_WHAT YOU WILL DO_
Among the lines below, the one containing "Continuous line drawing" opens the range and the one containing "Never Forget To Smile Black Graphic Tee" closes it. Print that range exactly, without the pictures.

======== STUDY MATERIAL ========

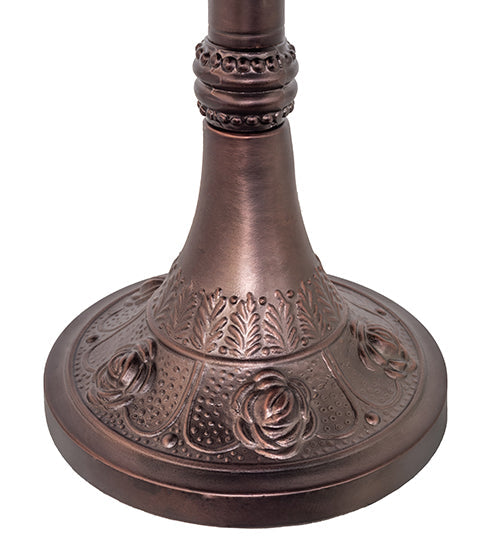 Meyda Lighting Renaissance Rose 17" Mahogany Bronze Accent Table Lamp With Multi-Colored Shade Glass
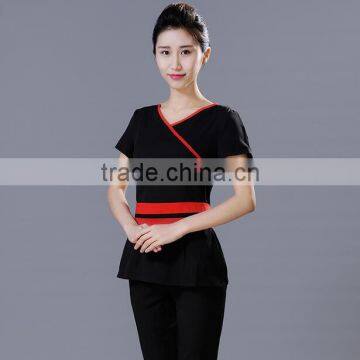 Custom Juqian Brand Chantilly Cotton and Polyester Mix Beauty SPA Uniform Suit photo-3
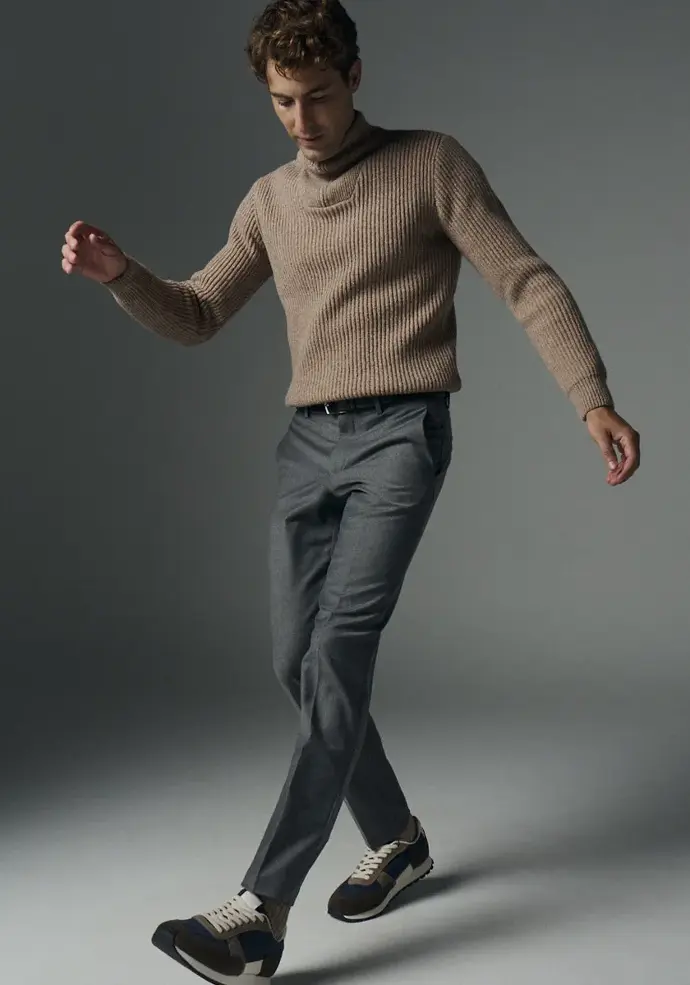 Pull col camionneur en laine et soie pour homme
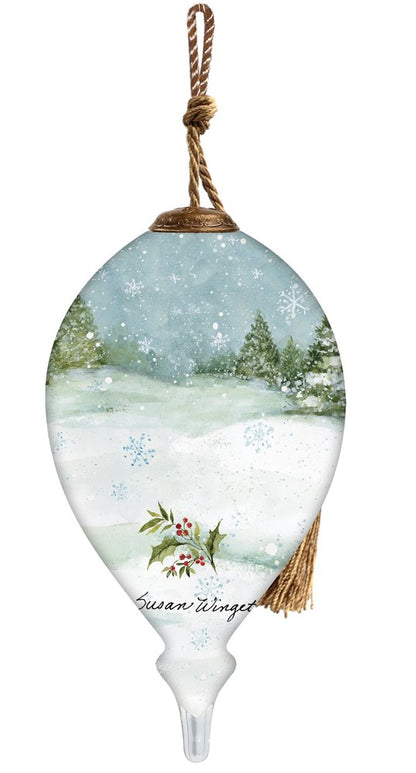 Holiday Lodge Santa Hand Painted Green Red And White Glass Finial Ornament HomeRoots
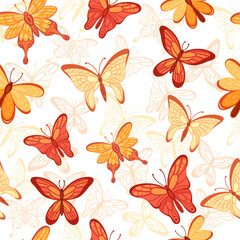 Seamless pattern Colorful butterfly insect cartoon style animal design vector illustration on white background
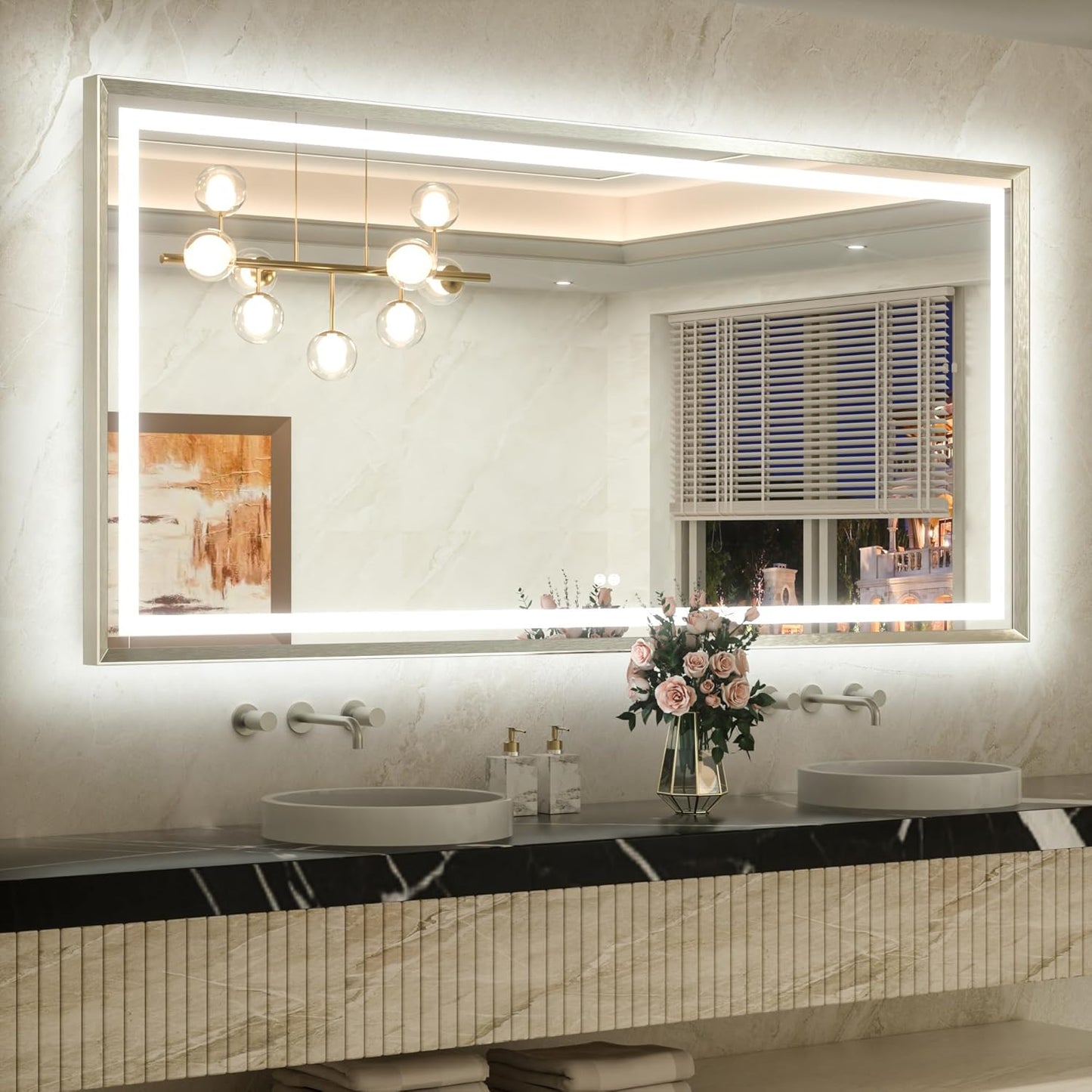 TETOTE 72 x 36 Large Bathroom Mirror Brushed Bright Nickel Metal Frame Frontlit & Backlit Vanity Mirror 3 Colors White/Warm/Natural Stepless Dimmable Anti-Fog Bathroom Mirrors for Vanity Wall-Mounted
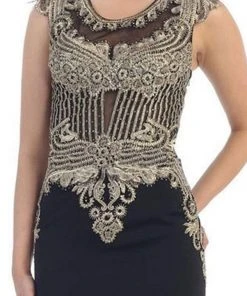 May Queen - RQ-7437 Embellished Illusion Jewel Sheath Evening Dress 8 May Queen - RQ-7437 Embellished Illusion Jewel Sheath Evening Dress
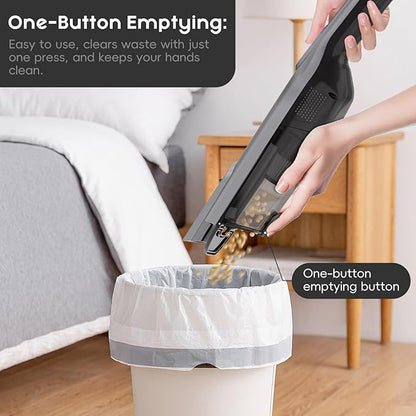 Cordless Handheld Vacuum, Lightweight Portable Hand Vacuum Cleaner with LED Light,Rechargeable Hand Held Vacuum with One-Touch Empty, Powerful Suction for Office, Home,Car, Silver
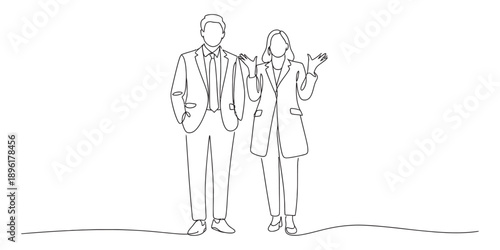 Continuous line drawing of a male and female business colleague communicating in professional setting Vector, illustration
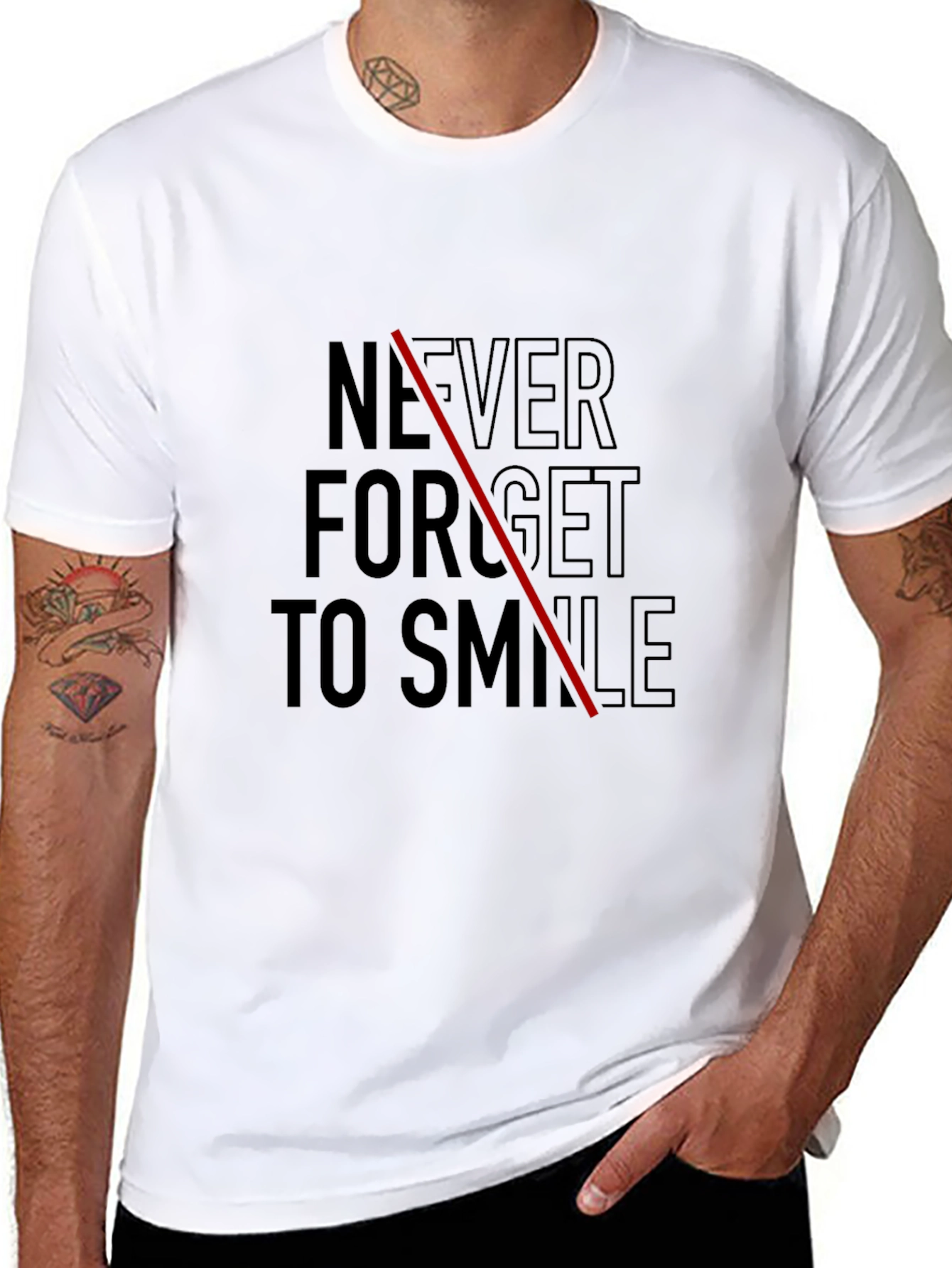 Never Forget To Smile Black Graphic Tee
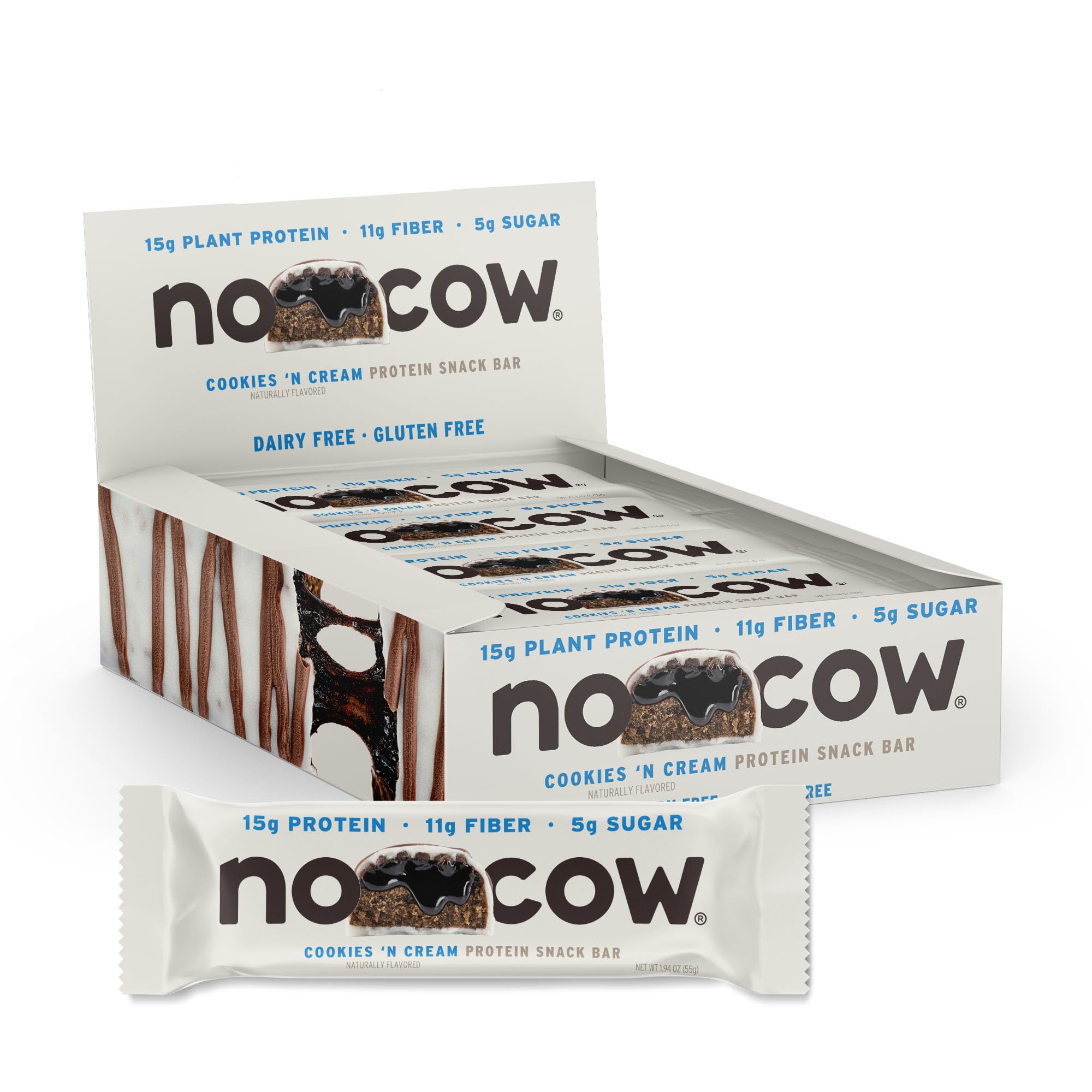 Barritas de proteína veganas No Cow con bajo contenido de azúcar y alto contenido de proteína, 15 g de proteína vegetal y 10 g de fibra, ideales para llevar y después del entrenamiento. Sin gluten ni lácteos (Galletas con crema, 12 unidades).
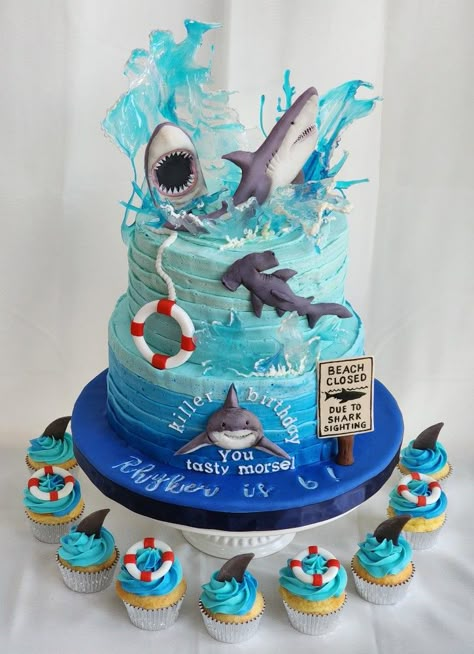 Shark Themed Party Food Ideas, Cute Shark Birthday Cake, Cake Shark Birthday, Shark Cake Designs, Shark Week Cupcakes, Sharks Birthday Party Ideas, Shark Themed Birthday Cake, Shark Party Cake, Shark Birthday Cake Ideas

========

_OUTPUT OF THE TASK_
 Continuous line drawing of a male and female business colleague communicating in professional setting Vector, illustration
 Never Forget To Smile Black Graphic Tee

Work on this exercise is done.